Odle, a resident of Pines City, Minn., and a yearly guest of River Bend since 1995, said people crossing the border would often shower and change in the bathhouse below the lodge.

“They’re pretty easy to pick out of a crowd,” he said.

Odle said he has the number for local Border Patrol agents plugged into his cell phone in case he ever sees anyone crossing illegally. He relayed several anecdotes of friends finding bundles of marijuana on the course.

An informal poll of the River Bend residents gathered for breakfast revealed that not one supported the construction of a border fence along the border with Mexico.

“Nobody wants this fence because it takes away from our view,” said Marilynne Short, a Brownsville resident since 1950. “We might find something stolen out of our shed — so what?”

Homeland Security has a congressional mandate from the 2006 Secure Fence Act to construct 670 miles of fencing along the Mexican border by the end of this year. Rio Grande Valley Border Patrol agents identified Brownsville as a high-priority area for fence construction.

In August, the university and the Department of Homeland Security resolved a yearlong legal battle over the construction of a border fence on the campus. Homeland Security brought a lawsuit against the university in January after President Juliet Garcia denied surveyors access to the campus to plan a border fence.

A settlement reached in March ordered the two sides to cooperate in finding alternatives to physical barriers to prevent border crossings on the campus. The university took the federal government to court once more before the current settlement was reached in August.

Under the August settlement, the university agreed to construct the fence itself with money provided by the UT System.

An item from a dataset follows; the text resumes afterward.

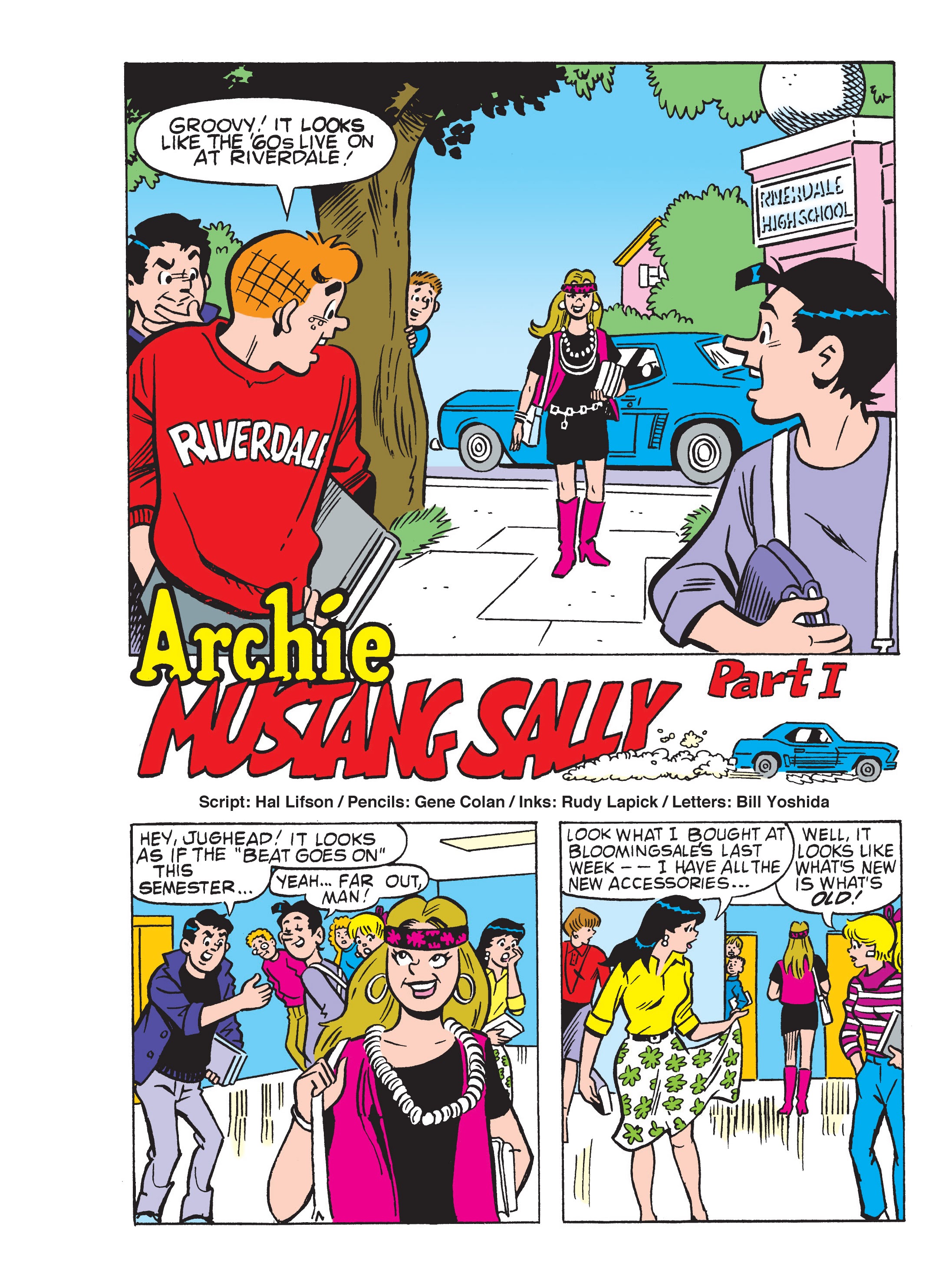 Read online World of Archie Double Digest comic -  Issue #81 - 47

Doty said each place where fencing was planned was deemed a high-priority area.
That priority, he explained, was to keep narcotics out of urban areas. Doty said River Bend Golf Resort and the areas immediately to the west were hardly urban. By contrast, he said the Fort Brown Memorial Golf Course is right next to the city and just south of the UT-Brownsville campus.

“The goal is to stop the narcotics and the smuggling from getting into urban areas,” he said.

Doty said the vehicle involved in Saturday morning’s incident contained a drug shipment. By Saturday afternoon, Customs and Border Protection had lost the vehicle’s location due to the high water line and planned to pick it up downstream.

UT-Brownsville psychology senior Tonantzin Juarez said she commutes from home in Matamoros, Mexico each class day.

Juarez said she, like most Brownsville students, was opposed to the wall but was glad that at least the university would retain control of the fence by paying for the construction. She said students generally felt powerless to do anything about the fence.

“We don’t have the motivation to actually do something about it,” she said. “People just say what’s the whole point, they’re going to build it anyway.”